If you're looking for a substitute with a bit more depth and complexity, try combining Worcestershire sauce and honey. Worcestershire sauce adds a tangy, umami flavor, while the honey provides sweetness. Mix equal parts of Worcestershire sauce and honey to create a flavorful alternative to teriyaki sauce.

Can you eat teriyaki marinade without cooking? ›

You should never use the raw marinade from chicken on ANYTHING you're not going to cook thoroughly first. It touched raw chicken - it may now be contaminated with salmonella. If you eat it, you might get extremely sick.

Is chicken teriyaki healthy to eat? ›

Teriyaki chicken is a good source of lean protein.

Chicken is a lean meat that is low in fat and high in protein. It provides essential amino acids that are important for muscle growth and repair.

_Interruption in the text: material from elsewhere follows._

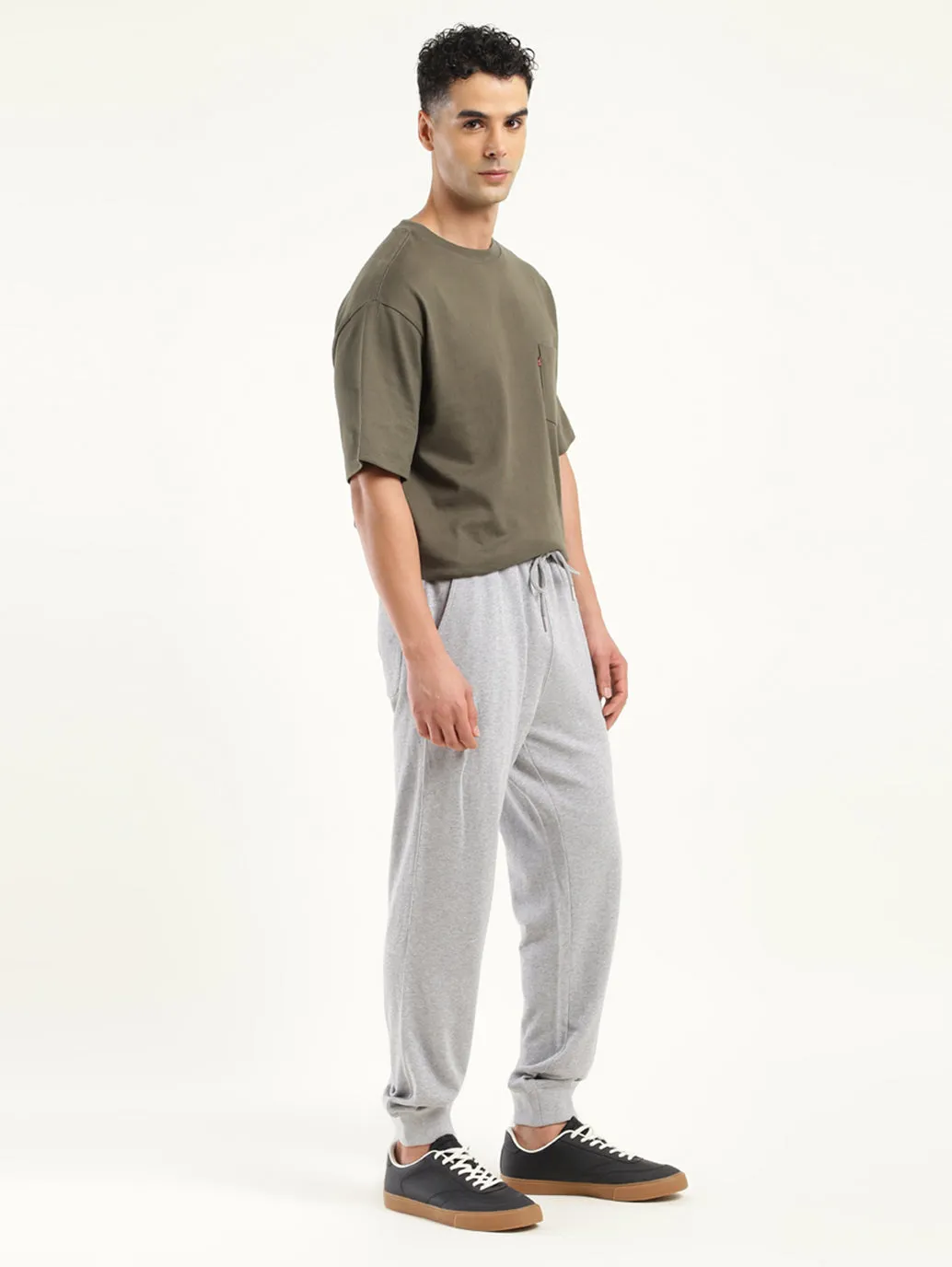 Men's Regular Fit Grey Joggers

What is teriyaki marinade made of? ›

Simply made with soy sauce, brown sugar, vinegar, oil, garlic, and onions, this teriyaki marinade is ready to use in under 10 minutes. This marinade works particularly well with pork and poultry. You can make an extra batch, simmer it until thickened, and drizzle on top of sliced grilled meats and vegetables.

What does teriyaki chicken taste like? ›

What does teriyaki taste like? A traditional teriyaki sauce offers a mix of salty umami coming from the soy sauce and a sweet, tangy flavor from the mirin, a version of sake that is sweet and has low alcohol content. But if it's a non-traditional teriyaki, you'll taste flavors from ginger, citrus, sesame, and garlic.

Why is teriyaki chicken so popular? ›

The delicious flavors and simplicity of the dish appealed to diverse palates, and it wasn't long before teriyaki gained popularity beyond Japan's borders. In the United States, teriyaki became especially popular in Hawaii, where Japanese immigrants introduced the local population to this delightful culinary creation.